2022 El Espinal stadium collapse
- Date: 26 June 2022
- Location: El Espinal, Tolima, Colombia;
- Type: Structural collapse
- Deaths: 4
- Injuries: 263

= 2022 El Espinal stadium collapse =

Structural collapse in Tolima, Colombia

On 26 June 2022, a stadium collapsed in El Espinal, Tolima Department, Colombia during a bullfight.

== Background ==
The stadium was hosting a corraleja, which is a bullfighting tradition popular in Colombia. There are no bullfighters in a corraleja – spectators are allowed to enter the ring and engage the bull. On 20 January 1980 during a corraleja, several stands collapsed, killing more than 500 spectators.

==Collapse==
The collapse occurred at the three-story wooden stand section filled with audience members. There were 800 people sitting in the collapsed section before the accident happened. The stands were overcrowded because there had been no corraleja the prior year due to the COVID-19 pandemic. The stands were built with thin wooden boards and tied together with rope. The collapse occurred during encierro, with one bull escaped into town, running freely before being recaptured.

=== Victims ===
Initially, it was reported that six were killed, with a total of 322 other people receiving treatment at local public and private hospitals. These numbers were later reduced to four fatalities and 263 injured. The dead were two women (Blanca Sandoval, 63 and Rocío Brochero, 51), one man (Fidel Hernández, 53), and one 14-month-old boy. Hernández was killed instantly while the other three died while receiving medical care. Fabio Buitrago, a witness to the collapse, said that he saw "many people crushed under the rubble" of the stands. 14 of the injured were pregnant women and 27 were children. Most of the injured were taken to the San Rafael Hospital in El Espinal.

== Investigation ==
According to Yerson Hernán Oliveros Calderón, one of the organizers of the event, the government of the Tolima Department did not authorize the use of the guadua that they had used in the construction of the stands, so the organizers had to import it from Armenia. Grupo de Ingeniería y Arquitectura determined that the structural failure of the guadua column in audience box 35 caused a larger collapse affecting boxes 33 to 40.

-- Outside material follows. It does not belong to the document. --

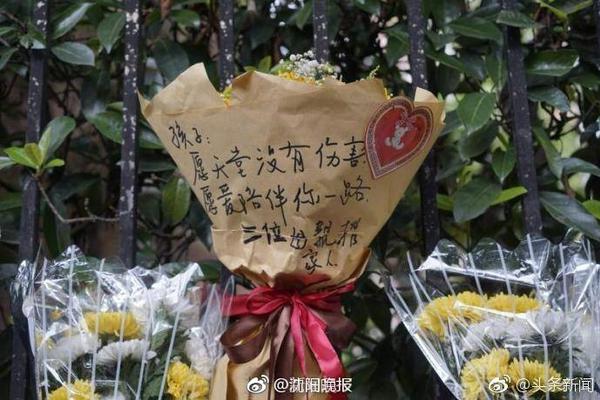 奥利尼克：和文班打球是千载难逢的机会 他在攻防两端改变了比赛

In November 2023, Luis Ernesto García Aranda, who was in charge of the audience boxes, was arrested on four counts of manslaughter for ignoring concerns regarding construction and allowing more people into the seats despite being overcapacity.

==Responses==
President Iván Duque expressed his solidarity to all of the victims' families and ordered an investigation to the incident. President-elect Gustavo Petro urged a ban on such events, citing that it was not the first time it happened. The Mayor's Office of El Espinal expressed regret for the collapse. The mayor of El Espinal, Juan Carlos Tamayo, claimed that the tragedy was unforeseeable since officials had done all due diligence in inspecting the premises. He also defended the participation of children in the corralejas, stating that he himself takes his minor children to the events and that they are "tradition". He said that engineers employed by the city would be sent to investigate the cause of the collapse.

The mayor of Cali, Jorge Iván Ospina, said that he will ban corralejas and other blood sports involving animals, citing animal rights concerns and safety issues, specifically the collapse in El Espinal.

A three-day period of mourning was declared in El Espinal, and cavalcades and corralejas previously scheduled for four days during the mourning period were canceled.